I don't have much to add to the deft filleting of La Paglia, except to say that the fingers that bumfumble "Bumbling and fumbling even more than usual in his inability to finesse the embarrassing release..." into this world have received the Mother-Superior-quality ruler-rapping they have so long deserved.

As to technique, one question. What does TSAIEWDNBIFSWHTUTAAWTTTSTCOTFW stand for?

KUTGW, C w/o Q.

Phila said...

Thanks, Cw/oQ. I don't know what to say, except that you're very kind!

I have to warn you, though, that I'll only disappoint you in the end...

how many humans can retain hope after reading Adorno?

It's a simple matter of contemplating all things as they'd present themselves from the standpoint of redemption!

Nothing to it.


The Struggle Against Ideological Extremists Who Do Not Believe In Free Societies, Who Happen To Use Terror As A Weapon To Try To Shake The Conscience Of The Free World.


olvlzl said...

One of signal achievements of Paglia is the one you identify, her ability to snow people into thinking that her repetition of prefab aesthetic judgment is somehow an original thought. Has she ever gone out on the limb and praised someone who hasn't been praised either by academia or by the marketplace? On first reading this it reminded me of Catherine Anne Porter's "The Wooden Umbrella", a critique of Gertrude Stein. But Stein actually did go out on a limb, praising the genius of some rather minor figures who the world has yet to see genius in and she bought the others new while the market hadn't spoken.

While I've criticized neo-atheism for its scientism and its bigotry I'd never say that atheism in itself is sterile, though much of it is and many atheists are the same can be said for any identifiable group of people. Paglia's replacement of the received wisdom on art and a concept of "nature" that comes straight out of 1960s copies of Argosy magazine would lead to sterility.
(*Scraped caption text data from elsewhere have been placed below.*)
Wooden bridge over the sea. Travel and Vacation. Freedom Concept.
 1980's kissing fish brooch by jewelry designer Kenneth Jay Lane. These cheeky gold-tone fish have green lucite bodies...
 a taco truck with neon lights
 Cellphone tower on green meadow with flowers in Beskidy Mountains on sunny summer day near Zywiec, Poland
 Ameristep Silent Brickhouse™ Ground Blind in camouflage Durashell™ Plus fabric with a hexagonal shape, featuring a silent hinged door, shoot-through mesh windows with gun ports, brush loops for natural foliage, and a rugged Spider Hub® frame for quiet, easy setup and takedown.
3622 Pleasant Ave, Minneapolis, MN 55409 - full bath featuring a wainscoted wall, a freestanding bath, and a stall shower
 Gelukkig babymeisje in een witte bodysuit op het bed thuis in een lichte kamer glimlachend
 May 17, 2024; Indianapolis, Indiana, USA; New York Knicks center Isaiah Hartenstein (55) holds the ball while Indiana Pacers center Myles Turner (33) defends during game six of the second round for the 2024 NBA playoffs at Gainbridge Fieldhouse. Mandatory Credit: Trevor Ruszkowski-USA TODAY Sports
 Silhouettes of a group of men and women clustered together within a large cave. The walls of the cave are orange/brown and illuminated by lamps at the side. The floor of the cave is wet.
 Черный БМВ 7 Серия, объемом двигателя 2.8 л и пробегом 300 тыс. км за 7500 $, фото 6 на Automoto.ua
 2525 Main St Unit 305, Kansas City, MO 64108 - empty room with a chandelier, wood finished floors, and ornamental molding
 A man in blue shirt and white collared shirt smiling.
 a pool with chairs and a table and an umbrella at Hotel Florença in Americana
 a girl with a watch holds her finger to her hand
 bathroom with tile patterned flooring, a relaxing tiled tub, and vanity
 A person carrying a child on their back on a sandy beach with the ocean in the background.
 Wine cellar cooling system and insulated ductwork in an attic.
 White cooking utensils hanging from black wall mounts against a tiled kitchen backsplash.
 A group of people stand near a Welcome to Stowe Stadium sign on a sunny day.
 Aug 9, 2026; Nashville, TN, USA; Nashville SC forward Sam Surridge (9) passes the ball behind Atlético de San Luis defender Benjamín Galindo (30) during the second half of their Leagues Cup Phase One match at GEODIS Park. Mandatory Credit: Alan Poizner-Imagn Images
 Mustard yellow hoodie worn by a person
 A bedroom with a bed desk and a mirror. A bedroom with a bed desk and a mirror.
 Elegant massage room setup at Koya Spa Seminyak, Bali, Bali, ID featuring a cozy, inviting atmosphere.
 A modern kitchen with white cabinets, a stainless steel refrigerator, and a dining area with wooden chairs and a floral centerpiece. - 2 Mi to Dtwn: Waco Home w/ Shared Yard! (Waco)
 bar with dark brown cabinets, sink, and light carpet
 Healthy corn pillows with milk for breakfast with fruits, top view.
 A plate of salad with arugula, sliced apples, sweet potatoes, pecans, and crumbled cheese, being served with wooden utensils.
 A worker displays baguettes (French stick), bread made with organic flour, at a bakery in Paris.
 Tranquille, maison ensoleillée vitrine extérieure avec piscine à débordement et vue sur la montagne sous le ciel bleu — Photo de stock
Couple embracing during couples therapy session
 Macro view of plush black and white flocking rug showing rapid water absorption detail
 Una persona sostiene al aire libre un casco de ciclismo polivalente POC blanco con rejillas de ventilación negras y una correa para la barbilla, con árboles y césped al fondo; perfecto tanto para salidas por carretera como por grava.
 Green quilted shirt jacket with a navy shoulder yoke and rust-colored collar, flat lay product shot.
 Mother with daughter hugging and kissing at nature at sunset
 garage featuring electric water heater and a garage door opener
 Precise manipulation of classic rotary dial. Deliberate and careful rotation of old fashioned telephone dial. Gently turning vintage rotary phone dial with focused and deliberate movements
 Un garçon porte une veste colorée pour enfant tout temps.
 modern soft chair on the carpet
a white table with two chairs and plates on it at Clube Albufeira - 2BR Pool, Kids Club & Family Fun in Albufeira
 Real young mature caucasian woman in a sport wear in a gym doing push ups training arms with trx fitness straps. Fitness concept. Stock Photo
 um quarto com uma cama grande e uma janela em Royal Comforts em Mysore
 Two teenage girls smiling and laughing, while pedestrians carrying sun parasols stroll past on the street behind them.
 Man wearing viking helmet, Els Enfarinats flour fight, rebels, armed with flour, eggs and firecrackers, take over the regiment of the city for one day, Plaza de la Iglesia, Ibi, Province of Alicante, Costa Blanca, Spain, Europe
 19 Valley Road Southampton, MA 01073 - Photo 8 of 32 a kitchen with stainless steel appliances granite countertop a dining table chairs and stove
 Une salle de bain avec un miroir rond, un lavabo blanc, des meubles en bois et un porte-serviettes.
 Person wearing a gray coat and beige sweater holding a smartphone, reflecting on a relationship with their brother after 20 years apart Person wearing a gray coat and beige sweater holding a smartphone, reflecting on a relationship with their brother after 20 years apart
Ego is the starting point of sterility, it's only when it is surpassed in generosity and humility that sterility is surpassed. Paglia might be able to repeat words like those if someone impressive had written them for her to crib but I doubt she'll ever make them true through experience.

Phila said...

While I've criticized neo-atheism for its scientism and its bigotry I'd never say that atheism in itself is sterile,

Of course not. Which is why it suffices to say that you've criticized scientism and bigotry.

Toby Petzold said...

I would like to make Camille Paglia come.

Looks like you got a fan of your own, boy.

Phila said...

Jesus, Toby. Keep that to yourself, can't you?

Anonymous said...

One could argue that replacing religious faith with some vague aesthetic sense of the numinous is a way to enjoy sanctimony without the distractions of commitment and responsibility.

Outstanding, Phila!


Karin said...

She's a moron, how do James Joyce, Pablo Picasso, Marcel Proust, Thomas Mann & Ingmar Bergman owe their towering status to spirituality?
If she was alive 200 years ago, she would have been bitching that Europe's contributions to the arts are over, we'll never see the like of Mozart and Beethoven again.

olvlzl said...

Well, if this is the real Toby, I'd never thought of him as an over achiever to begin with. Not exactly shooting for the stars, are you.